F. PATTERN AND STRING OPERATIONS

This section describes the "elemental" set of pattern and string operators provided in patternForth, and how these may be used to construct any of the pattern or string operators commonly provided by pattern matching languages.

This will also describe how single-cell string and pattern identifiers can be used with Forth VARIABLEs, and as "associated data," to provide the functionality of string and pattern variables.

1. Basic string operators

In addition to the string construction and string literal functions previously described, patternForth provides six basic functions for operating on strings.

a) SIZE - returns the length of a string; a null string has a SIZE of 0. Equivalent to the SNOBOL4 SIZE.

b) CONCAT - concatenates two strings. SNOBOL4 does not use an explicit operator for this, as concatenation is indicated by simple juxtaposition.

c) SUBST - extracts a substring of a given length, at a given starting point. (There seems to be no explicit SNOBOL4 function to perform this; instead, it is done as a pattern match with replacement.)

d) FILLED - creates a string of a given length, filled with a given character. The SNOBOL4 equivalent is accomplished with DUPL.

e) $>N - converts a string to a binary number, following the rules of Forth's numeric conversion: signs and decimal points are not legal, and illegal characters merely terminate the conversion. Accomplished in SNOBOL4 with CONVERT.

f) N>$ - converts a binary number to a string. Also accomplished with CONVERT in SNOBOL4. Distinct operators are required in patternForth because Forth is an untyped language.

2. Derived string operators

These SNOBOL4 string functions can be "derived" from the basic set of string operators.

a) RPAD - to pad a string with spaces on the right, can be accomplished by CONCATenating a string FILLED with spaces. The size of this blank string can be calculated from SIZE.

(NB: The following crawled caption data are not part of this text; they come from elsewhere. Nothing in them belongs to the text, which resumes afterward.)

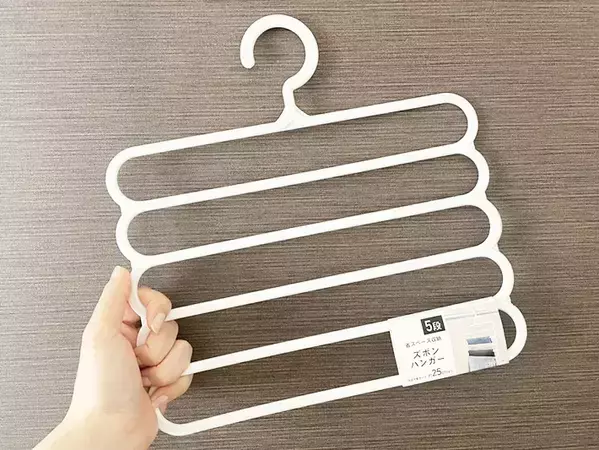 100均の5段ハンガー、服はかけずに？　キッチンで使う意外な活用テクニック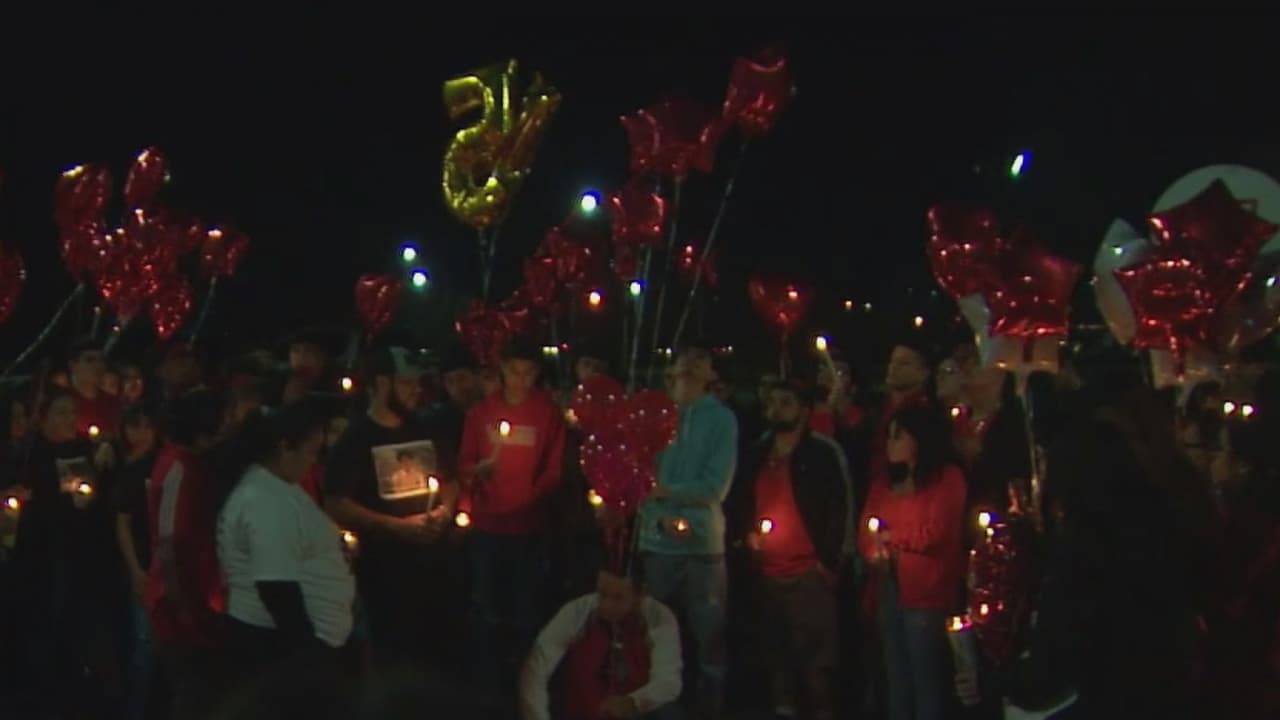 Comunidad participa en una vigilia en honor a joven que murió en accidente vehicular y cuyos órganos fueron donados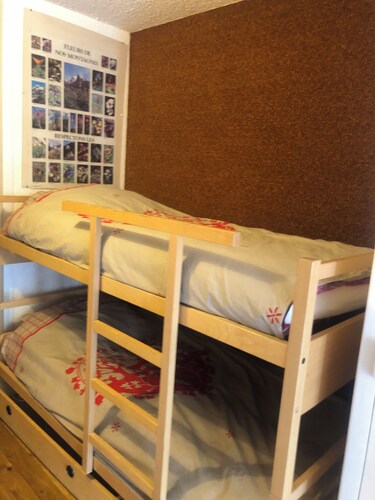 Quaint 1-bedroom house in Saint-Chaffrey perfect for relaxing stays
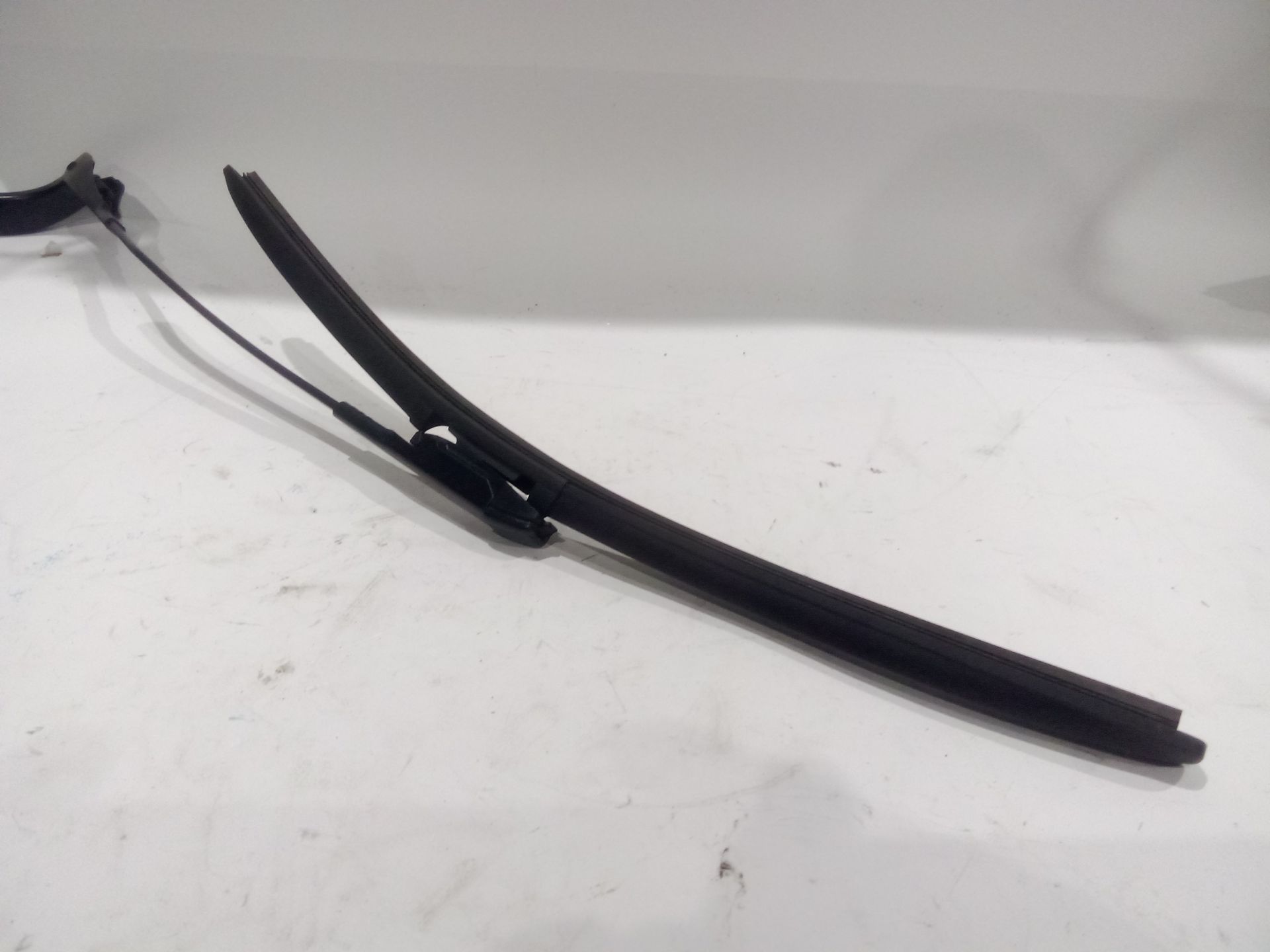 brazo_limpia_delantero_derecho_61619450000_61_61_9_450_000_bmw_x1_e84_xdrive_18_d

b) LPAD - to pad a string with spaces on the left, is the same as RPAD except for the order of the concatenation.

c) TRIM - to remove trailing blanks, requires the use of pattern matching to identify the non-blank substring, and SUBST to extract it.

d) DUPL - to "duplicate" a string multiple times, can be done by CONCATenating in a loop.

3. String variables

A string variable is a fixed identifier that can reference (or "hold") a variable string text. This would be used, for example, to program a pattern match for an input string which will assume many values.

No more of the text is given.